川村 隆 (かわむら たかし) 経団連副会長/日立製作所会長

政府の役割とは何か。まずは、国民の生命と財産を守ることであろう。そのため政府は、安全保障を確固たるものとしつつ、警察、消防などの公共サービス、富の再分配のための税財政政策、安心・安全のための各種規制の企画・立案、運営を担う。

その意味で、国家の安定を脅かす危険性のある積年の懸案「1000兆円を超える公的債務」の解決を目指して税財政改革の第一歩を踏み出したことは、大きな意義が認められる。

債務の返済には原資が必要で、歳出削減や税収確保の工夫も必須だが、富をつくり出す源泉である民間の経済成長も重要な要素である。その観点から、民間セクターのイノベーションがどうしても必要とされてくる。

新たな経済成長のためには、アジアなど、新興国の需要増加に対応して日本でも開発や生産分担を行い、一方、世界に先駆けた高齢化社会が現実になってきた国内でも、新産業、例えばヘルスケア、介護、生涯学習、新観光、新エネ・省エネ、環境、新農林水産業などを創出する必要がある。このためには、技術のイノベーションが基礎になるが、これに加えて事業イノベーションも極めて大切になる。

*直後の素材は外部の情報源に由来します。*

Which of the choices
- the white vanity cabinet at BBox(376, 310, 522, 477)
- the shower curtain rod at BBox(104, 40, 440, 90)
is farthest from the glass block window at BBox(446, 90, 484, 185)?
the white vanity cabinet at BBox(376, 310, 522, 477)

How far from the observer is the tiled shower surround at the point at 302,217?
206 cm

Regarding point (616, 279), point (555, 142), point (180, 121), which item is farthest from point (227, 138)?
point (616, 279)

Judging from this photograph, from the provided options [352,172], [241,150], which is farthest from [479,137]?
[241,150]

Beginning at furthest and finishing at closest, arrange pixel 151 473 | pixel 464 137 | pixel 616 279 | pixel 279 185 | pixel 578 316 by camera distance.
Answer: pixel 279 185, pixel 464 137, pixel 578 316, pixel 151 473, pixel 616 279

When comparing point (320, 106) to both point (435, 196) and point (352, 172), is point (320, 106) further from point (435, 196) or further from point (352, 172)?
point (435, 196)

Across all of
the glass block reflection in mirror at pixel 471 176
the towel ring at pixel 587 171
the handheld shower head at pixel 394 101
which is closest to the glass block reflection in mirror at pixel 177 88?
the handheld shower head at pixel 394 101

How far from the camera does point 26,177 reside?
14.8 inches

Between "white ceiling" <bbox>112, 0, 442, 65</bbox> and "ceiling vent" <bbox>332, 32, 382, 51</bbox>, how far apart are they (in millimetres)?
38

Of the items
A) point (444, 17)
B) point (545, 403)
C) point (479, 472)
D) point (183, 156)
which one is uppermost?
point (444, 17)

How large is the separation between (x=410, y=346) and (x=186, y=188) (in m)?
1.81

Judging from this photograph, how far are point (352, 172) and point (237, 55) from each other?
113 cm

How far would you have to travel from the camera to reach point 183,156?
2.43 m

技術開発・事業開発それぞれ、あるいはそれらの接続時にはいくつもの難所がある。その際、イノベーションのパワーを枯渇させずに拡大進展させていく原動力になり得るものの一つは、政府による大胆な規制改革である。通信・鉄道の規制緩和によるイノベーションが、わが国に大きな新需要・新産業を誕生させたことは、記憶に新しい。

もう一つの原動力は、異文化・異分野との遭遇である。グローバルなものにせよ産学官にせよ、異なる見方、考え方との出会いが大きなイノベーションにつながる例が多い。グローバルに進行中の産学官連携に対する期待は大きい。

民間セクターを、規制改革・グローバル化を基点として、六重苦、八重苦から解放することにより、イノベーション創出による経済成長を実現し、日本再生への力となりたいと願っている。